Since their childhood, Tomo has admired Ibuki for being "cool" in the traditional sense. Charming, composed, athletic, confident, etc. All wrapped up in an attractive, downright princely package. Ibuki is the epitome of the traditional "coolness" that Tomo wants to achieve and surpass. The coolness that he's been comparing himself to and competing with since their youth.
So on top of Tomo putting himself last and valuing other people more, it's also a case of "we are our own worst critic"; he's so fixated on matching Ibuki's traditional male-coded coolness that he fails to see what makes him cool. And, in fairness, he isn't what people would traditionally consider "cool." He's warm, he's kind, he's sincere, he's empathetic, and IIRC he can cook and knit, too. But he's also short and tends to be pretty goofy, too.
Also have to remember that the President of Ibuki's fan club made it clear that said fan club will not tolerate him sullying Ibuki's image. And yes; "none of their business, not their decision to make, go pound sand," yadda yadda yadda. But appearances and impressions matter a lot in Japanese culture, and because Ibuki means so much to him Tomo doesn't want to make her look bad. And, as established in this very chapter, very few people have recognized (and openly acknowledged) Tomo's own cool points.
So he's in this spiral where he's not cool and feels like he can't handle his own problems, which only emphasizes how uncool he thinks he is and how he feels like he's made no progress in being as cool as Ibuki. And then of course feeling that way also makes him feel uncool and... well you get the idea. Also, we are often very quick to dismiss the words of our partners, ironically because they're so close to us. "You're just saying that," for example. Or because they love us they don't see what's wrong with us the way we do. So he feels like Ibuki is either simply trying to be nice and comfort him, or doesn't really see for herself how uncool he is. When it's really him who doesn't see his own good points.
I actually thought your first sentence about how Ibuki is "part of the problem" would tie into how she is effectively telling him to "get cooler than me like you promised", without verbalizing all the things she lists in this very chapter that she finds cool about him.
Which I would agree with - you raise numerous good points about the subtext and nuance of Tomo's self-image and self-sabotaging, especially in the meta-contextual aspects of this series taking place in, and being made for, a Japanese audience with very specific views and opinions on the roles one should play within a society and culture.
Unfortunately for Tomo, I feel like this will simply be a "time and effort" deal, because it is admittedly not something you can just turn off and/or wake up one day and decide "nah, not doing that anymore". There's a degree of willful declared intent that can work, but that sorta dovetails into "fake it until you make it", and it still requires that the person
seek that shift in perspective and enacting the behaviors to manifest it. Something that, currently, Tomo seems to "fall short of" embodying, as it were.

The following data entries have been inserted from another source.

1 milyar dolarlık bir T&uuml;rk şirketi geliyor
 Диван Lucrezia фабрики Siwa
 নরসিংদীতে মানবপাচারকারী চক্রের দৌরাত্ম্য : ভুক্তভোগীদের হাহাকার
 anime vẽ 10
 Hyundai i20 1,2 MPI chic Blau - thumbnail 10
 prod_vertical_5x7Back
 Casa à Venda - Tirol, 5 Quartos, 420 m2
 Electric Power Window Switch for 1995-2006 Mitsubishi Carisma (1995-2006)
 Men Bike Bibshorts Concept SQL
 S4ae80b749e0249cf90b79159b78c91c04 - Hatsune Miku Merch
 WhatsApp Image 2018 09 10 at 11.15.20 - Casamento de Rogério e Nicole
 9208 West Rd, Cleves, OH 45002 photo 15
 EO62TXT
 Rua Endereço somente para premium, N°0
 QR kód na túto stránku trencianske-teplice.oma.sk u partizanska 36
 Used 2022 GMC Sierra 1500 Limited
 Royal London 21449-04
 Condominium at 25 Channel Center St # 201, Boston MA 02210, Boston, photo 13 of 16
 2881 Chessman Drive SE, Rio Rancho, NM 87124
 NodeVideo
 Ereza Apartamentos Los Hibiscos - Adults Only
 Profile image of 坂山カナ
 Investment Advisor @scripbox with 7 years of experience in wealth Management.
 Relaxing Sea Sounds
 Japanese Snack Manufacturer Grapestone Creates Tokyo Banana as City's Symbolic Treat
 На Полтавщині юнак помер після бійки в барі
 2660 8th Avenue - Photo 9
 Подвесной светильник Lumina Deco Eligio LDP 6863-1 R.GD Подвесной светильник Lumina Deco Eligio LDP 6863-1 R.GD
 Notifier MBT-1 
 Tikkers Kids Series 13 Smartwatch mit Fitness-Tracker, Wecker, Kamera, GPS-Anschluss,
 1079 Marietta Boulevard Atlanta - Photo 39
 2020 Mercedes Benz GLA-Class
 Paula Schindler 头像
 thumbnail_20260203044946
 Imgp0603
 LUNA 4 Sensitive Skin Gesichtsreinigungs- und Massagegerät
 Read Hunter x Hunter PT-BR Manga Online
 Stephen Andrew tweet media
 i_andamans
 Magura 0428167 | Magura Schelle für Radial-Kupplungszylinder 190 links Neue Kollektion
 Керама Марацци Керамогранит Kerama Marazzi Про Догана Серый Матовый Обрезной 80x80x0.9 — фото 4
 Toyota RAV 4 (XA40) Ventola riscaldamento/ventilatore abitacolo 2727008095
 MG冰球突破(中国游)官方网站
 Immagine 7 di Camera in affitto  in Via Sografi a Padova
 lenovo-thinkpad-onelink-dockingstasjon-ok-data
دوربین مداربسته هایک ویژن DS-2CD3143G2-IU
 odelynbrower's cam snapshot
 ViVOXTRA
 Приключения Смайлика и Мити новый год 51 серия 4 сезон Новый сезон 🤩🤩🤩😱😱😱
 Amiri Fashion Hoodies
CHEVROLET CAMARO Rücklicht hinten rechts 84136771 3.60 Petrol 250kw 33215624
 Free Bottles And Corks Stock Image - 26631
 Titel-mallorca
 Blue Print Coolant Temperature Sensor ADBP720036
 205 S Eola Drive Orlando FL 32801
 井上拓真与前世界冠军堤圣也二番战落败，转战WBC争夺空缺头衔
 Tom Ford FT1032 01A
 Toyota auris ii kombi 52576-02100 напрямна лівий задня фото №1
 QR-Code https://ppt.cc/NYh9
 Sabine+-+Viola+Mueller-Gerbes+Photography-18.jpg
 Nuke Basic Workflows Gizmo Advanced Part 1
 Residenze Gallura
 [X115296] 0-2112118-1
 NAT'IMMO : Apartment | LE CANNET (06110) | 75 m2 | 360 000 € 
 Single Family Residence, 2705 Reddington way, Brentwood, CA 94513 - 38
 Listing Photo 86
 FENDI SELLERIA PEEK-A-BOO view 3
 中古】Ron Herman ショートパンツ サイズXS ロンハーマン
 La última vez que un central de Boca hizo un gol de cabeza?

I do think you raise good points about Ibuki and her overall situation being part of the issue for Tomo, though. It's not
her fault, per se, but the image built up around her, perpetuated by people like those in her fan club and by Tomo himself, are poisoning Tomo's identity. I think it would require a complete re-working of Tomo's idea on what "cool" even is, at this point, because he's also just not going to achieve the version he thinks he should, realistically - as
@outinthegardener laid out in their comment, as well.
Whether or not Ibuki is cognizant enough to spell out that nuance between them, or whether Tomo is capable of internalizing that nuance and reflecting on his own self, I guess we'll have to wait and see on.
But yes. I do maintain that Tomo is
very lucky that Ibuki has been gungho on getting him tied down as long as she has, because if he were to keep this up and flounder, I could see a world where her patience runs out, especially if he just pushes back on any reassurance she tries to give him (however understandable it might be, given the reasoning you provided - it still runs the risk of wearing down someone who cares to the point they give up).